4 Experimental Evaluation

In our experimental evaluation, the classifiers were learned only with data of Aedes aegypti (target class). More specifically, we have considered the data from the first 48 h of the data collection, which represents 347 examples. To test the classifiers, we consider the remaining 557 examples from the class Aedes aegypti that was not used to train the classifiers and the 4,421 examples from the other four species of insects, totalizing 4,978 test examples.

Due to the imbalanced proportion of examples of target class compared to the non-target, a classifier that predicts the non-target class for all test examples achieves an accuracy around 90%. For this reason, we evaluate our results by the analysis of different performance measures, as Precision, Recall, F1-Score. Thus, given the rates of true positive (TP), true negative (TN), false positive (FP), and false negative (FN) observed in a confusion matrix builded from the errors of a classifier, these measures are defined as follow:

\(Precision = \frac{TP}{TP+FP}\),    \(Recall = \frac{TP}{TP+FN}\),    \(F1-Score = \frac{2\times (Precision \times Recall)}{Precision+Recall}\)

In addition, we also consider the measure Area Under Curve (AUC). This measure is related to the observed area on the Receiver Operating Characteristic curve (ROC curve). The ROC curve is a two-dimensional graphical representation which corresponds to false positive rate on the horizontal axis and the true positive rate on the vertical axis. Thus, in an ideal scenario, is expected a minimum value of false positives and a maximum value of true positives, which consequently leads to a value for AUC = 1.

The general results of the algorithms considering the five performance measures discussed are shown in Table 2. For each measure, the best result is highlighted. In this table, we also show the results achieved by a baseline which corresponds to a classifier that predicts the target class for all test examples.

Table 2. Results of one-class classifiers.

We can see in Table 2 that the algorithm parzendd showed the best results for the measures Recall and AUC. On the other hand, the algorithm svdd showed the best results for the measures F1-Score and Accuracy. To better compare the results, the ROC curves achieved by the algorithms are shown in Fig. 3.

Fig. 3.
figure 3

The ROC curves of the OCC algorithms evaluated.

From the results showed in Table 2 and Fig. 3, we can note that both parzendd and svdd are very competitive, but the svdd showed results better balanced in terms of false positive and true positive rates. Although the parzend algorithm correctly identifies a higher number of Aedes aegypti mosquitoes, it also incorrectly identifies a higher number of insects from other species as Aedes. In Table 3 we shown more details about the errors of both algorithms.

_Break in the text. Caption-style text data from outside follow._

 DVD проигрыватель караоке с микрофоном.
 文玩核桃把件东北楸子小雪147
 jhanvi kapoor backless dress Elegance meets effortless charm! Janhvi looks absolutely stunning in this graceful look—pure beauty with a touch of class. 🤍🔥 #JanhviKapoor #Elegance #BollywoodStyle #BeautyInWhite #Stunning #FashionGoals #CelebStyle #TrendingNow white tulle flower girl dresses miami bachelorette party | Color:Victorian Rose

Table 3. Confusion matrices showed by the algorithms parzendd and svdd.

5 Conclusion

In this paper, we showed an evaluation of one-class classifiers for the recognition of Aedes aegypti mosquitoes by optical sensors. Aedes aegypti is one of the most important vector of arboviruses as yellow fever, chikungunya, zika, and dengue. Thus, the recognition task is essential to support the efficient use of traditional methods to reduce the mosquitoes population, given the spatio-temporal informations provided by the sensors. From the results, we conclude that even with a reduced number of target examples for training the classifiers (347 examples) and the absence of non-target examples, we can learn accurate classifiers. Among the evaluated algorithms, svdd and parzendd showed the best results, with AUC = 0.85 and AUC = 0.87, respectively. In future works, we want to explore the combination of different OCC algorithms and feature sets, and in conditions with concept drifts and extreme latency to update the classification model [18, 19].